Un public nouveau s'était constitué à partir de la fin du XIIIe siècle, parallèlement à la transformation de l'ancienne féodalité. À côté des clercs et des nobles, une nouvelle classe bourgeoise était née, capable, elle aussi, d'accéder à la culture. Légistes, conseillers laïques des rois, « hauts fonctionnaires » de toute nature, riches marchands ou bourgeois un peu plus tard, de nombreux individus avaient besoin de livres. Et non pas seulement de livres traitant de leur spécialité (ouvrages de droit, de politique ou de sciences) mais aussi de livres « littéraires » : ouvrages d'édification morale aisément accessibles, romans, traductions, etc. 

Cette littérature ne s'adressait pas à des ecclésiastiques (quoiqu'elle fût souvent écrite par eux) et elle allait être rédigée principalement en langue vulgaire. Œuvres originales, en vers d'abord, puis en prose, remaniements d'œuvres anciennes, traductions ou adaptations d'œuvres latines classiques ou médiévales allaient bientôt pulluler. Pour les diffuser, pour satisfaire les exigences d'un public de plus en plus vaste, une nouvelle organisation de la production livresque allait devenir nécessaire. 

Il suffit de consulter n'importe quelle histoire de la littérature française pour constater qu'en France, tout au moins, la littérature en langue vulgaire existait déjà au XIIe siècle. Mais les conditions de sa diffusion étaient alors toutes différentes : la littérature du temps était avant tout faite pour être récitée, ou lue à haute voix devant des auditeurs. Le public sachant lire n'était pas encore assez nombreux pour qu'il pût en être autrement. Il peut paraître à première vue surprenant qu'une tradition littéraire considérable ait pu se développer dans de telles conditions, mais c'est parce que, pénétrés comme nous le sommes de culture écrite, nous n'arrivons plus à faire l'effort d'imagination suffisant pour nous représenter le mécanisme des transmissions littéraires orales, pourtant attesté dans de nombreuses civilisations. Il semble cependant qu'à notre époque ces nouveaux moyens de diffusion non écrite de la pensée que sont le cinéma, et surtout la radio, devraient nous aider à mieux concevoir ce que peut être, pour des millions d'individus, une transmission d'œuvres et d'idées n'empruntant plus le circuit normal du texte écrit. 

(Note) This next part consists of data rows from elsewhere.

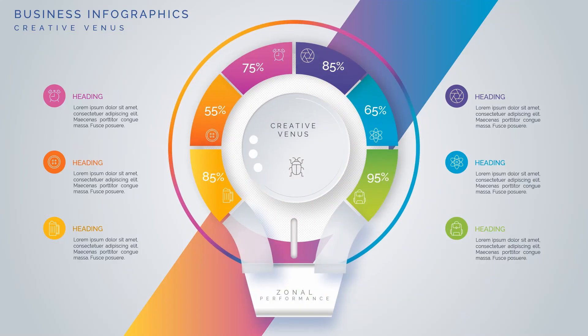Hey everyone, Creative Venus here and this is part 3 of beautiful business infographic design. But before moving further, let's watch this video.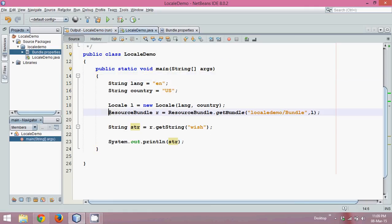But the question arises: what if I want different languages? Now to work with different languages you need to create some more properties files, and how to do that we'll see in the next part.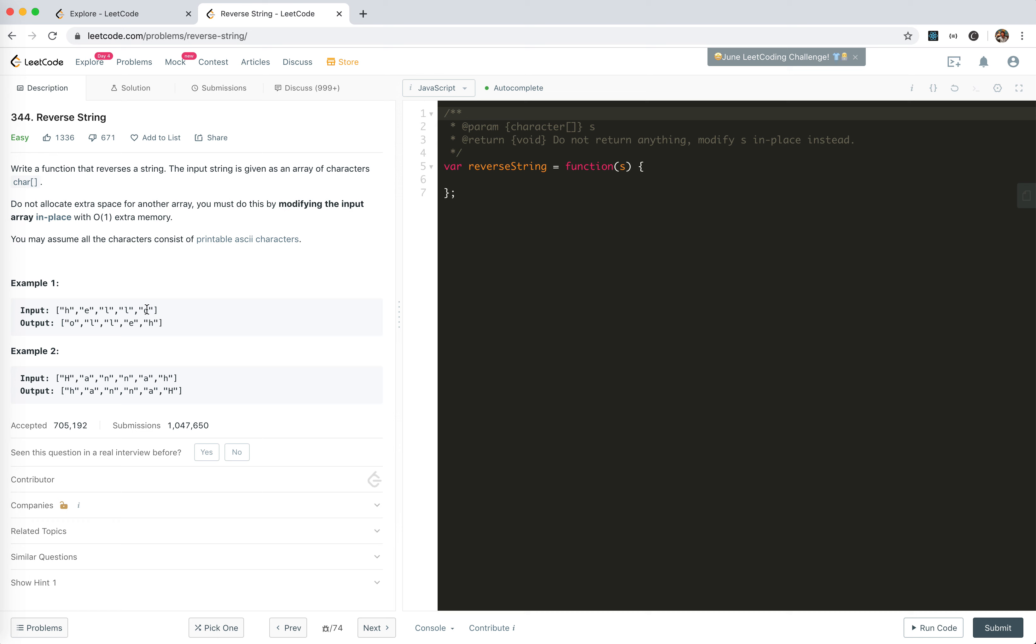when I did reversing, I just put swap H and O, swap E and L, swap L and L. It's pretty easy.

Au XIe et au XIIe siècle on lit peu en langue vulgaire, mais on compose cependant de nombreux textes dans ces langues. M. Faral [14] a très bien montré comment à cette époque les jongleurs, récitant ou lisant, de château en château, poèmes, romans, vies de saints, etc. (le plus souvent écrits en vers parce que plus faciles ainsi à retenir de mémoire) sont fréquemment les auteurs des textes qu'ils diffusent. Trouvères, troubadours, ces noms mêmes indiquent de la part de ceux à qui ils furent donnés, une activité de créateurs littéraires, tandis que le ménestrel, attaché à la maison d'un baron, ne fait bénéficier que ce dernier et ses familiers des œuvres qu'il récite ou compose. 

Les circonstances dans lesquelles ces premiers hommes de lettres étaient contraints d'exercer leur métier leur posaient de délicats problèmes. Il leur était rigoureusement impossible de garder sur leurs œuvres le moindre droit de propriété littéraire, à moins de conserver jalousement pour eux le texte de leurs compositions ou remaniements. Mais s'ils avaient agi ainsi, il leur eût été impossible de goûter les satisfactions d'amour-propre que tout créateur recherche en se faisant connaître du plus vaste public possible. 

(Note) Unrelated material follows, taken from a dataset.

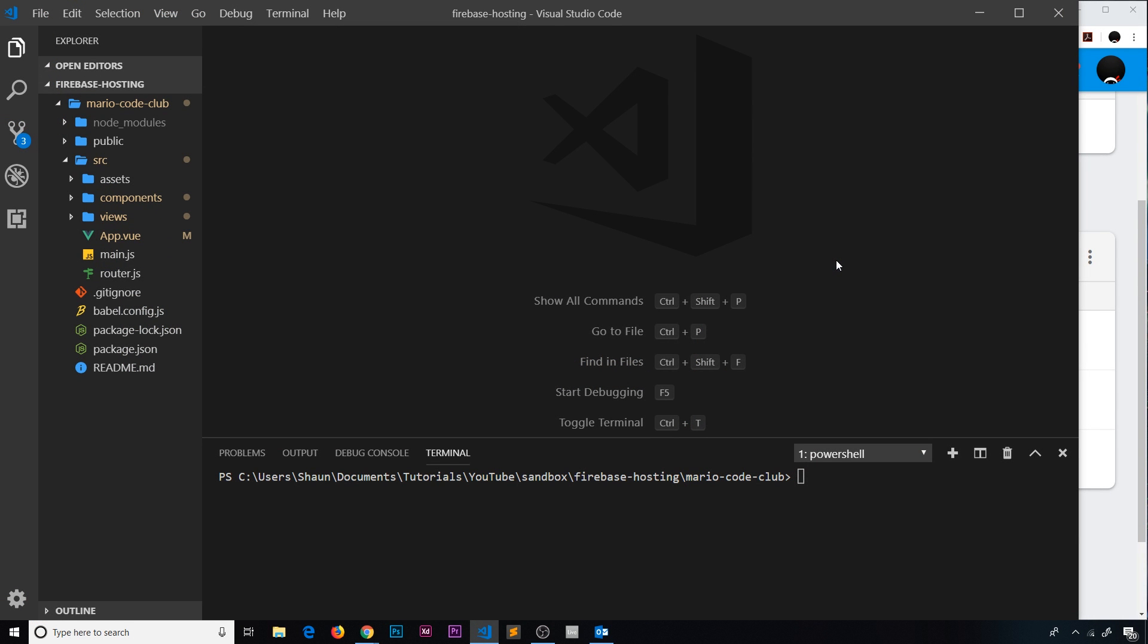Alright then, so now we've seen how to deploy a static website to Firebase hosting. Now I'd like to show you how to deploy something slightly different - a single page application. We can create a single page application or an SPA with something like React, Angular, or Vue. I've chosen to use Vue.js.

Ces deux exigences devaient se concilier tant bien que mal, au gré des besoins matériels de l'auteur. Tout naturellement, la meilleure solution était pour lui, comme la chose se pratiquait déjà dans l'antiquité romaine, de trouver un mécène à qui offrir ses œuvres, dans lesquelles au besoin il glisserait des flatteries à l'adresse du bienfaiteur ou de sa famille. À défaut de mécènes, il pouvait aussi enseigner contre rémunération à d'autres jongleurs le texte de ses compositions, ou leur en vendre des copies. 

Avec l'augmentation du nombre de personnes capables de lire un texte au lieu de l'écouter seulement, on verra, à la fin du XIIIe et durant le XIVe siècle, apparaître une certaine spécialisation. L'auteur se contentera désormais d'écrire (ou de compiler) son œuvre sans se soucier des conditions dans lesquelles elle atteindra son futur public. 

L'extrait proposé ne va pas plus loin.